In 1963, they returned to Texas, where Moore took a reporting job with the San Antonio Light and Lee remained at home, writing. A year later, Lee was offered a position as editor of the English-language Tehran Journal in Iran, but chose instead to return to school. He took a position at West Virginia University, where he taught courses in photography and earned a master's degree in journalism, with a minor in Broadcast Television. His master's thesis, a study of English-language newspapers around the world in non-English-speaking countries, was published and sold to newspaper and government people by the West Virginia journalism department.

==Teaching career==
Lee's first teaching job was at American University in Washington, D.C. His students included Tom Shales, who later won a Pulitzer for his TV criticism, and Rona Cherry, who became Executive Editor of Glamour Magazine. During his two years at American University, Lee also became the assistant director of the Washington Journalism Center, working with Director Ray Hiebert to launch a new Kiplinger seminar program for American journalists. He also wrote his first successful novel, Caught in the Act, about an American journalist forced to run for his life in Spain, and edited a non-fiction book, Diplomatic Persuaders, a collection of essays on international information agencies. John also worked as a photographer for the Denver Post (years unknown) but prior to teaching at WVU. He taught Photojournalism at West Virginia University in 1964 and 1965 and possibly 1966.

In 1968, Lee was invited to teach at the University of Arizona, where he stayed for four years. During that time, he wrote his second novel, Assignation in Algeria, and penned a number of magazine articles so he could use them as case histories in his magazine-writing classes.

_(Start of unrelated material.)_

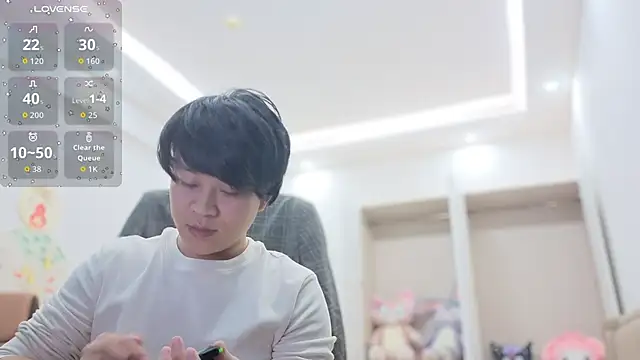 baby888 zhibo online show from 19, 12, 2025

Lee left the University of Arizona in 1972 and started Ph.D. work in Journalism at the University of Missouri, with a minor in political science. After one semester, he accepted a position at New York University, where he taught journalism and a course in fiction writing. He continued his Ph.D. studies during the summers for the next couple of years, and took a brief leave of absence at NYU to act as a visiting professor at Missouri, and finished his third novel, The Ninth Man.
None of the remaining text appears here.